As a general matter, I am very supportive of the Commission’s efforts in this area and in other areas to facilitate capital raising by small business issuers. Consistent with its goal of investor protection, there is room for much improvement to the current regulatory structure that would benefitsmall business capital formation. I think these proposals are a terrific starting point.

Registrant Requirements

Reporting Requirements. This is a sensible starting point for eligibility purposes. I agree with the proposal as drafted and think that a twelve (12) month reporting period is a logical starting point at this stage, although as the Commission gains experience, this time period might be worth reevaluation. I don’t believe that expanded Rule 430A should initially be available in the IPO context, although this may be another point for examination after the Commission has had some practical experience administering the proposed Rule.

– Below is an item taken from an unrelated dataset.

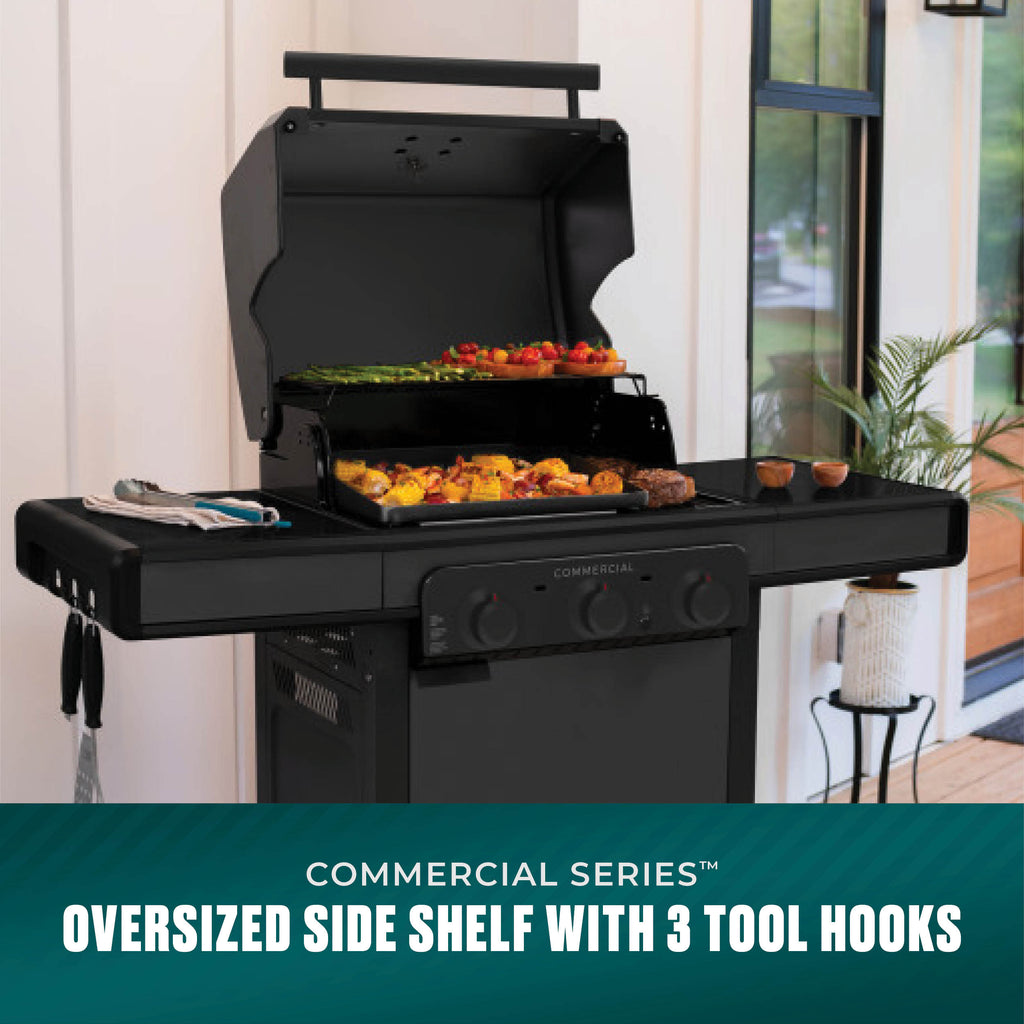 Char-Broil Commercial Series™ 3 Burner Gas Grill & Griddle (Black) product view 7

Qualitative Conditions. I believe timely reporting under the Securities Exchange Act of 1934 ("Exchange Act") is a sensible and reasonable qualitative condition to the use of expanded Rule 430A for all the same policy reasons that the Commission employs such qualitative conditions for eligibility in the S-2 and S-3 contexts. I support this condition unequivocally. With respect to the other qualitative conditions (dividend/sinking fund/preferred stock payments and indebtedness defaults), I am uncertain. Especially in light of the fact that use of expanded Rule 430A would not permit the use of abbreviated disclosure or incorporation by reference as currently employed in the S-2 and S-3 disclosure schemes, I question the logic of these qualitative conditions. Nevertheless, as a matter of policy, the Commission may believe that these additional qualitative factors would be sensible to permit use of the Rule only by issuers who are in sound financial condition. If this were the Commission’s logic for imposing the qualitative conditions, I don’t think they should be included, since it is not uncommon for small business issuers to be looking to the capital markets as a vehicle to reduce overall leverage and provide an equity capital base for future growth. Again, from a policy perspective, inclusion of these other qualitative conditions may be unduly restrictive in light of the universe of companies who are sought to be the primary beneficiaries of expanded Rule 430A, and in my opinion I would prefer these additional qualitative conditions be excluded.

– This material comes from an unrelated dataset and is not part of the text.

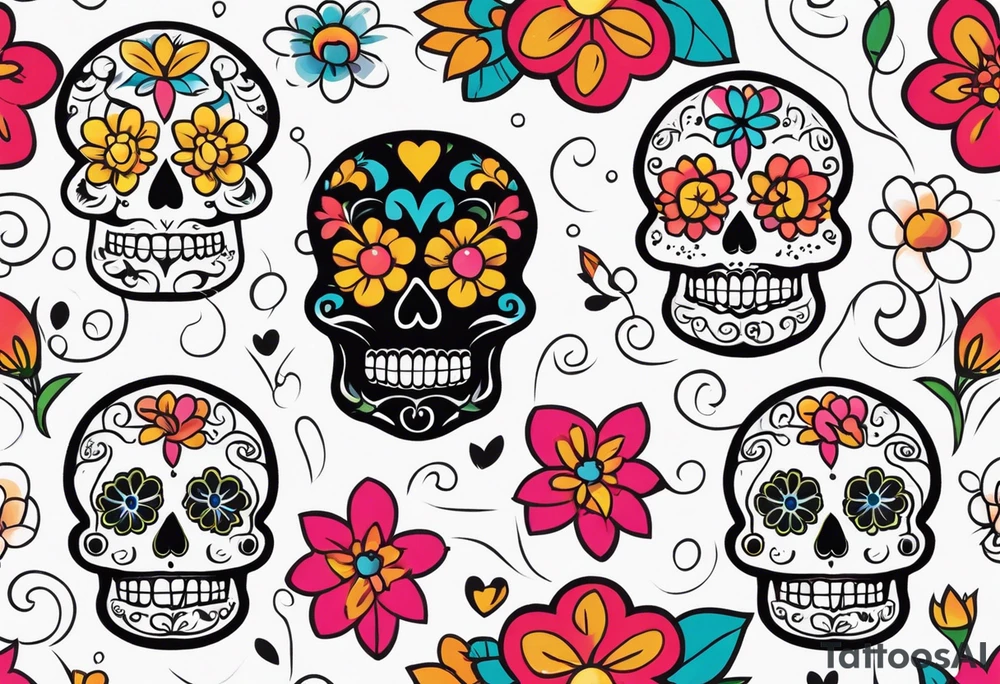 Sugar skull with flowers simplistic tattoo idea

Bad Boy Provisions. The use of "Bad Boy" disqualifiers in the expanded Rule 430A context is in my opinion, unnecessary. The logical underpinning for use of the "Bad Boy" disqualifiers in exempt transactions is the fact that there is no regulator in a position to insure proper disclosure of violations in the offering documents (therefore, no "disclosure police" mechanism to protect investors). Therefore, in the exempt transaction context, the only bullet-proof mechanism is to preclude use of an exemption. In the context of expanded Rule 430A, this protection appears unnecessary, provided that any violation of the Federal Securities Laws has been properly and completely disclosed in the offering document. This approach is more consistent with theCommission’s traditional non-merit full disclosure philosophy. Similarly, it appears inappropriate to punish the issuer community by denying the use of expanded Rule 430A in circumstances where an underwriter has involvement with an unrelated registrant whose registration statement was the subject of a proceeding or examination under Section 8 of the Securities Act, etc. It appears unnecessary to punish one issuer for the sins of another or, for that matter, to punish an issuer for the sins of its underwriter. With respect to the solicitation of comments for a managing underwriter that is subject to a permanent injunction, the question seems unclear. If the injunction relates to an underwriter’s participation in an underwriting, it would appear to be the Commission’s responsibility to monitor the activities of that underwriter. It is in my opinion an unfair burden to place that type of burden on the issuer community, especially the small business issuers who have the least resources, the least leverage and are the least sophisticated in corporate finance matters.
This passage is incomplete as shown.